> **Task description**:
Please transcribe, word for word, only the lines from the one containing "Vista del furgón" through the last line of the records below, both included, and leave out every picture.

##### Supplied information #####

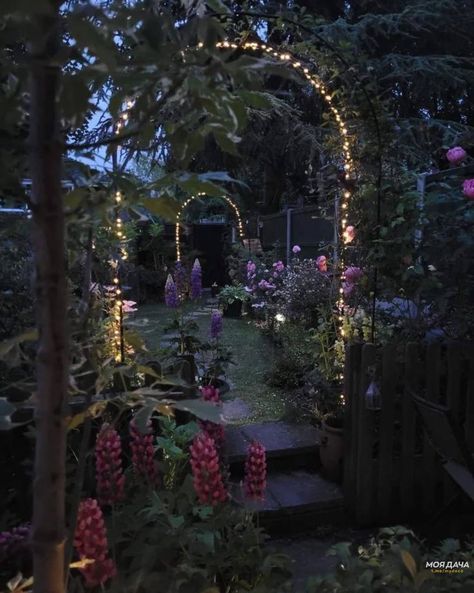 Midnight Garden Aesthetic, Mystical Backyard, Moody Backyard, Witchy Backyard, Sanctuary Garden, Witchy Garden, Diy Moss, Goth Garden, Gothic Garden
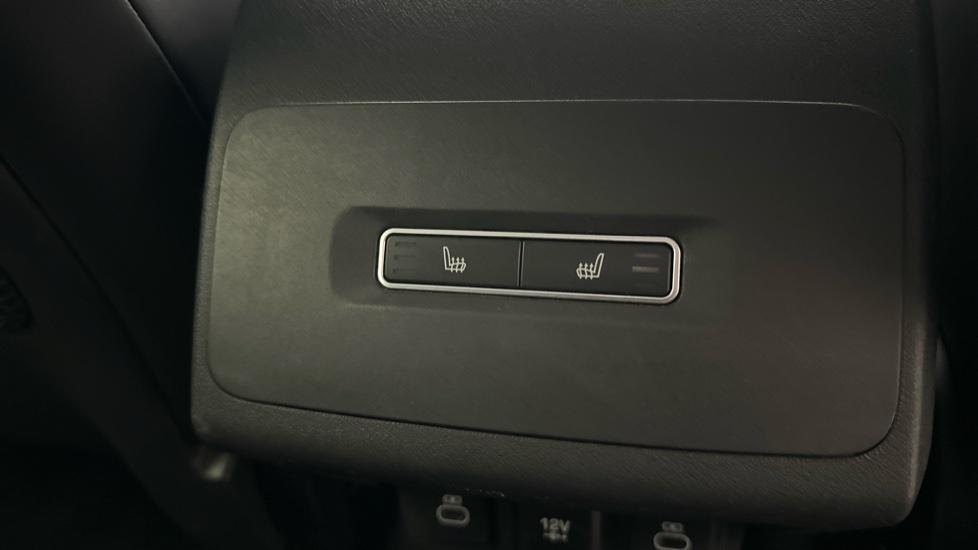 Rear Heated Seats 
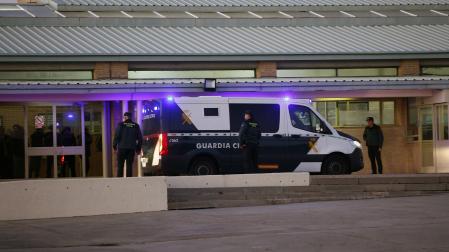 Vista del furgón policial que ha trasladado a José Luis Ábalos y Koldo García para ingresar este jueves en la cárcel de Soto del Real (Madrid)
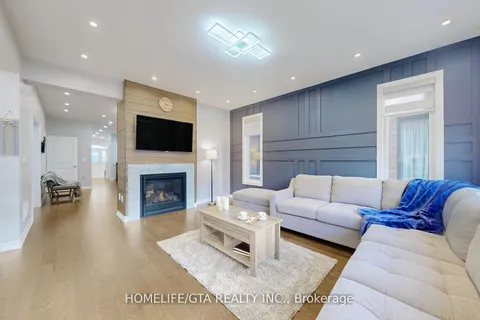 524 Coronation Rd, Whitby, ON L1P 0N5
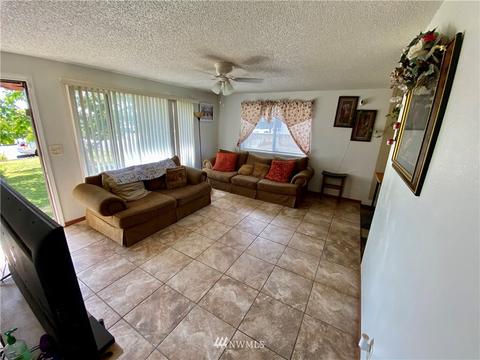 145 E Pine St, Othello, WA 99344 photo 6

#####

> **Response to this task**:
 Vista del furgón policial que ha trasladado a José Luis Ábalos y Koldo García para ingresar este jueves en la cárcel de Soto del Real (Madrid)
 524 Coronation Rd, Whitby, ON L1P 0N5
 145 E Pine St, Othello, WA 99344 photo 6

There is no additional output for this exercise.